Bausch + Lomb (NYSE/TSX: BLCO) is a leading global eye health company dedicated to protecting and enhancing the gift of sight for millions of people around the world-from the moment of birth through every phase of life. Our mission is simple, yet powerful: helping you see better, to live better.
Our comprehensive portfolio of over 400 products is fully integrated and built to serve our customers across the full spectrum of their eye health needs throughout their lives. Our iconic brand is built on the deep trust and loyalty of our customers established over our nearly 170-year history. We have a significant global research, development, manufacturing and commercial footprint of approximately 12,500 employees and a presence in approximately 100 countries , extending our reach to billions of potential customers across the globe. We have long been associated with many of the most significant advances in eye health, and we believe we are well positioned to continue leading the advancement of eye health in the future.
Position summary:
The Principal Quality Auditor is a key member of the Quality Compliance team and is responsible for assessing Bausch + Lomb manufacturing sites, distribution centers, applicable affiliates, and global functions for GxP compliance to the applicable country regulations, the applicable ISO standards, and the applicable Quality Management System requirements and elements to determine risk, opportunities for improvement and best practices.
Key responsibilities:
Prepare, plan, and conduct effective and efficient GxP quality compliance audits of company manufacturing sites, distribution centers, applicable affiliates and global functions.
Through the audit program, assess the site or function's compliance risk. Communicate the assessment results inclusive of risks, learnings, best practices, etc. to our customers (Senior Management, Site or Functional Management, etc.)
Prepare and distribute audit reports.
Review and approve auditee responses/CAPA plans.
Maintain working knowledge of applicable regulations and standards affecting company sites and global functions.
Back-up for preparation and maintenance of the audit schedule per applicable procedure.
Back-up for the creation and update of departmental and global procedures, as needed.
Active participation on the Technical Auditor Forum.
Assist in preparing and hosting external inspections (FDA, Notified Body, etc.), as needed.
Ability to learn and use the company's enterprise Quality Systems software applications.
Qualifications and experience:
Bachelor's Degree, preferred degree in a science discipline, microbiology or chemistry preferred.
Certified auditor (ASQ CQA, IRCA, or equivalent).
Minimum of 8 years of experience in the medical device and/or pharmaceutical industry, with aseptic manufacturing experience preferred.
Experience in Quality roles required.
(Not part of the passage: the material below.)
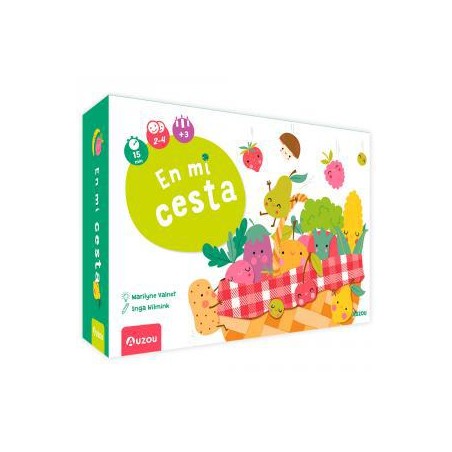 Pequeño juego En mi cesta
Manager of Quality or Quality Area is a plus.
At least 3 years Lead Auditor experience in a medical device or pharmaceutical environment.
Working knowledge of US FDA regulations (21 CFR 210, 211 and 820).
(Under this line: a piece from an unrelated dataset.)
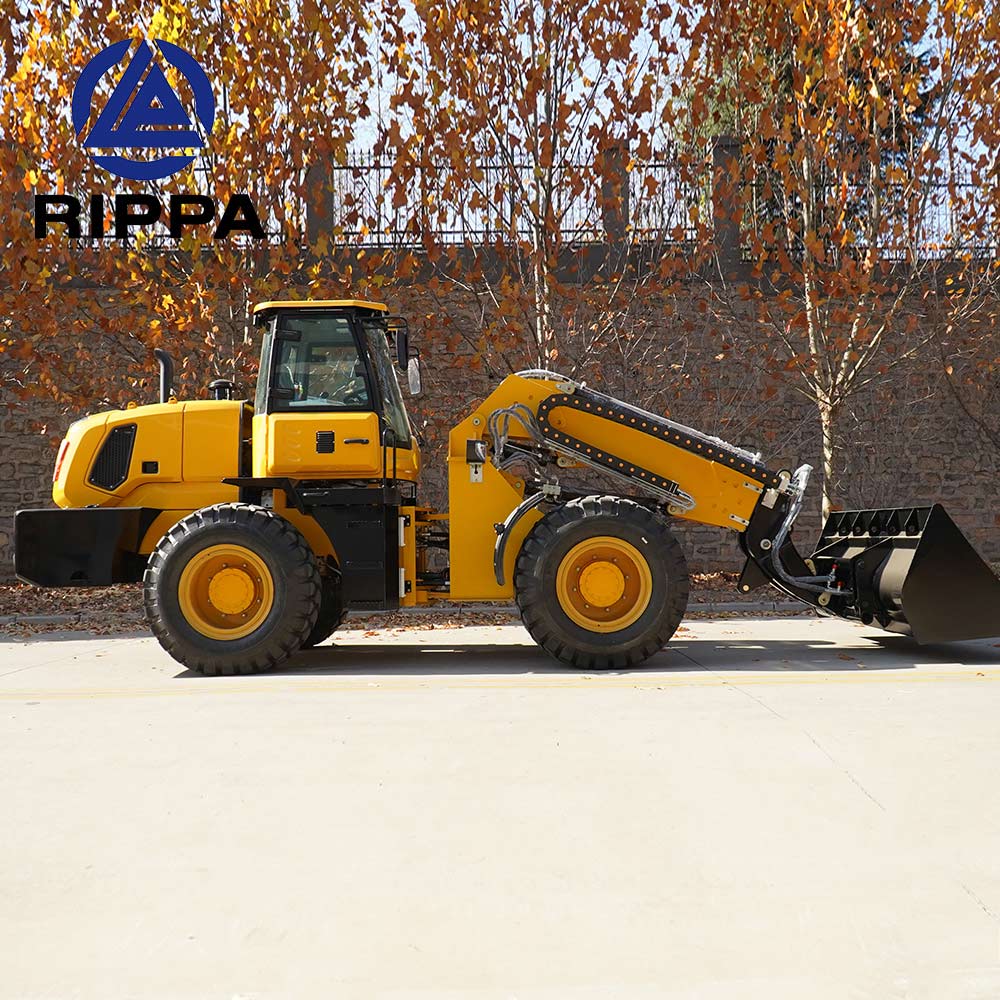 Chinese telescopic loader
Working knowledge of other country regulations (examples - Europe, Canada, Japan, Brazil, Australia, etc.).
Working knowledge of ISO 13485 and 14971.
All qualified applicants will receive consideration for employment without regard to race, color, religion, sex, sexual orientation, gender identity, national origin, disability, or veteran status.
As required by New York State's pay transparency bill, Bausch + Lomb provides a good faith minimum and maximum salary range of compensation for roles that can or will be performed, in New York State. Actual compensation is influenced by a wide array of factors including but not limited to skill set, level of experience, and specific office location. For New York State, the range of starting annual base pay for this role is $94,000 - $144,000
Job Applicants should be aware of job offer scams perpetrated through the use of the Internet and social media platforms.
To learn more please read Bausch+Lomb's Job Offer Fraud Statement.
Our Benefit Programs: https://www.bausch.com/careers/benefits/
Applicants must be authorized to work for ANY employer in the U.S. We are unable to sponsor or take over sponsorship of an employment Visa at this time.